Brittany Charlton, MSc, ScD, Harvard Medical School and Boston Children’s Hospital, 2015

Project abstract

Compared to their heterosexual peers, sexual minority (i.e., lesbian and bisexual) girls and women are particularly vulnerable to having poor reproductive health. Our study team has recently documented that sexual minorities are less likely to receive preventative care like Pap tests and more likely to experience a teen pregnancy. We have shown that these disparities are, in part, due to less contraception use among sexual minorities. However, no research exists on the full range of contraceptive use or abortion care across different sexual orientation groups. In particular, there is concern that sexual minorities are less likely to: use highly effective contraceptive methods to prevent a teen pregnancy, use prescription-based contraceptive methods that bring them into the healthcare system for routine care, and have access to much needed abortion care.
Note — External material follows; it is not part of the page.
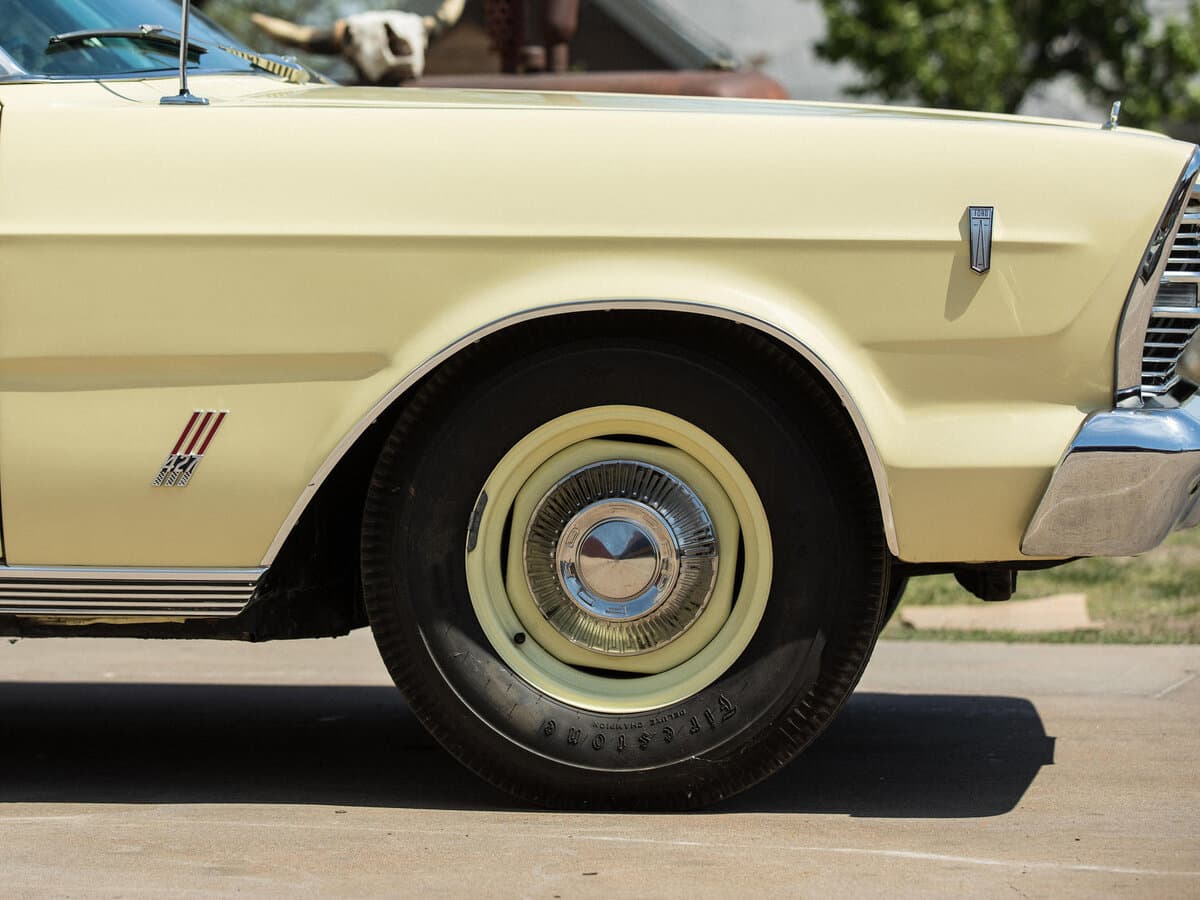 Ford Galaxie III — Təkər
In the proposed project, we argue that there may be disparities in contraceptive use (aim 1) and abortion care (aim 2) by sexual orientation. To fulfill these aims, national data will be analyzed from four longitudinal cohorts with nearly 200,000 girls and women in the Nurses’ Health Study 2 and 3 as well as the Growing Up Today Study 1 and 2. The proposed research will not only test for possible sexual orientation disparities in contraceptive use and abortion care but also help to understand a woman’s family planning preferences. This work will inform interventions such as refining provider education about sexual minority care and improve provider-patient communication.